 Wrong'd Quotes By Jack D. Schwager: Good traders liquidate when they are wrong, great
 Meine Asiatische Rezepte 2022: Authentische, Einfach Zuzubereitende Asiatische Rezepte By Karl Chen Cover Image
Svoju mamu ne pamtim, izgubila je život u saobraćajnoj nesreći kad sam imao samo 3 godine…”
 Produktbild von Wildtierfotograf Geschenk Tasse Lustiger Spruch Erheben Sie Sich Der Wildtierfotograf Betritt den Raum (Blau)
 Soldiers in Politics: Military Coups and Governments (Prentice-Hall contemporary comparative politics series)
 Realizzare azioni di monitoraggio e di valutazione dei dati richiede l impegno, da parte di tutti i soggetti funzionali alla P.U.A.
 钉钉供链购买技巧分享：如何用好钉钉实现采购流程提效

○ ○ ○ ○ ○

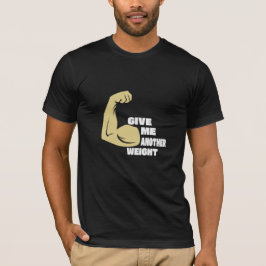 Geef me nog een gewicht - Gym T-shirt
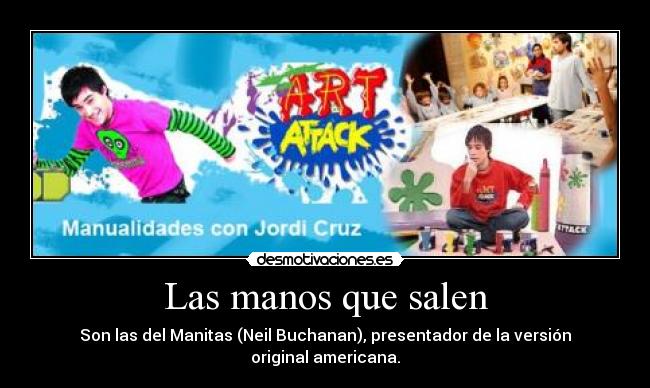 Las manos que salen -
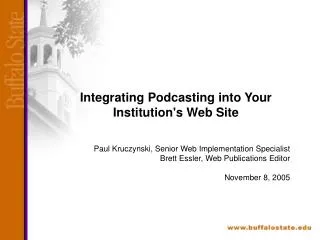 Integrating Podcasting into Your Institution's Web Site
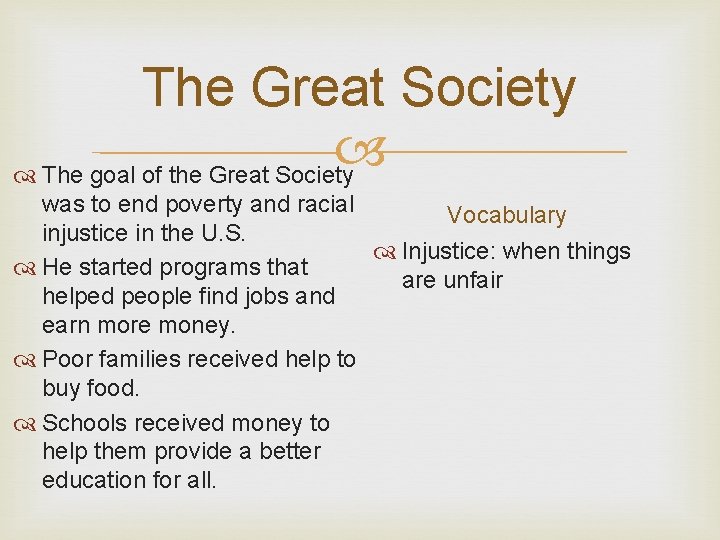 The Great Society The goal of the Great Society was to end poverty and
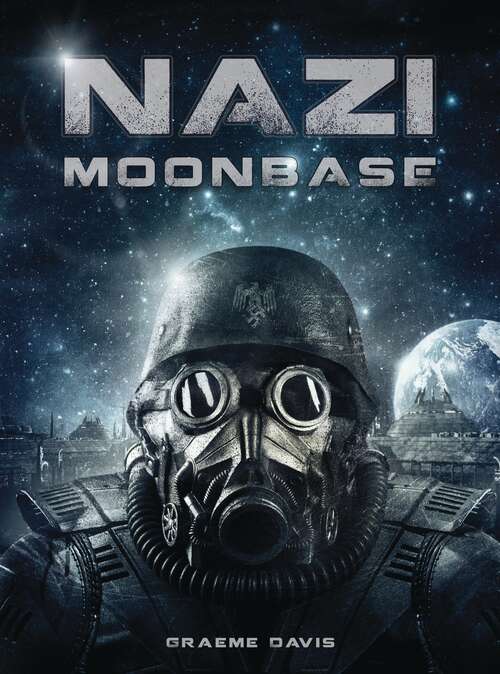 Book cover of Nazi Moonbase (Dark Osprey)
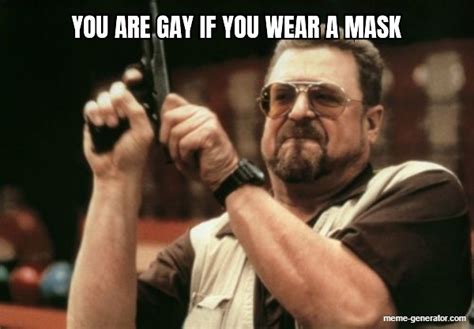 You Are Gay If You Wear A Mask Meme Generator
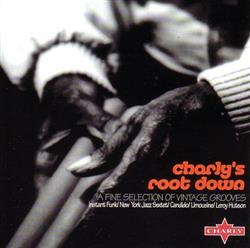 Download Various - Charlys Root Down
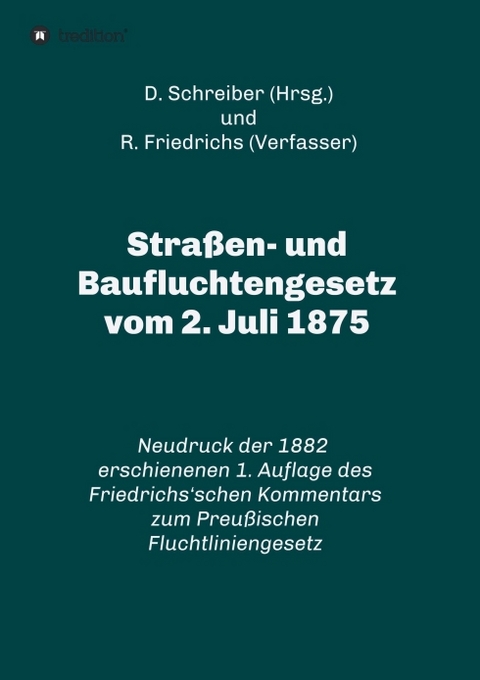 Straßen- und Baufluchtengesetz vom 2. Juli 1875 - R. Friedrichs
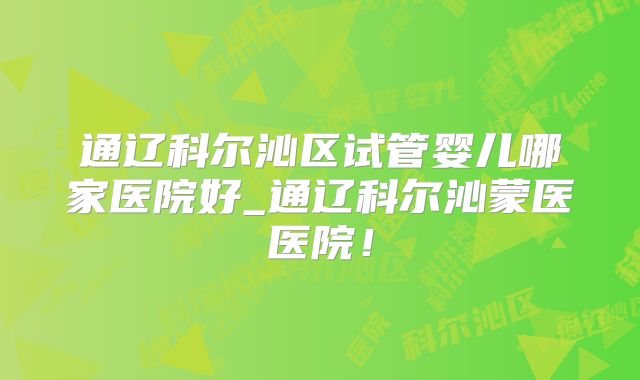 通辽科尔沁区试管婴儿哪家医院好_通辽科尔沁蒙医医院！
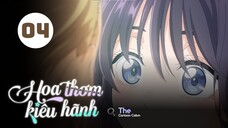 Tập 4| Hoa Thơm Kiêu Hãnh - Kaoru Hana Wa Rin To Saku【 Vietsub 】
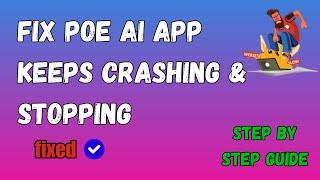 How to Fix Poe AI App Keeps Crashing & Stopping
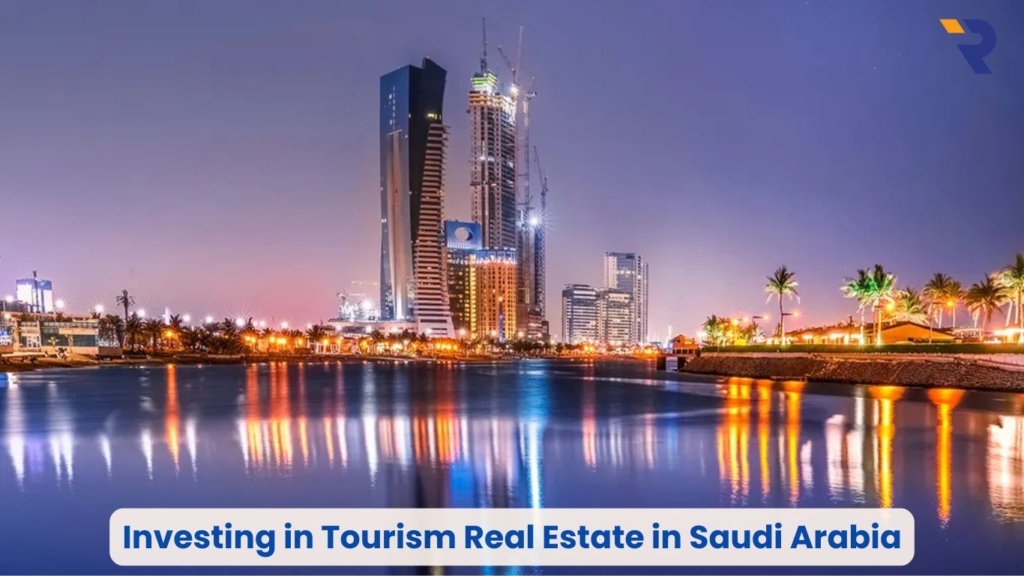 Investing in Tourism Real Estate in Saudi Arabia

○ ○ ○ ○ ○

Exercise description >> Above are some records; copy exactly the lines from the one with "Soldiers in Politics: Military" through the one with "钉钉供链购买技巧分享：如何用好钉钉实现采购流程提效", both included, and no others.

Output of the exercise >>
 Soldiers in Politics: Military Coups and Governments (Prentice-Hall contemporary comparative politics series)
 Realizzare azioni di monitoraggio e di valutazione dei dati richiede l impegno, da parte di tutti i soggetti funzionali alla P.U.A.
 钉钉供链购买技巧分享：如何用好钉钉实现采购流程提效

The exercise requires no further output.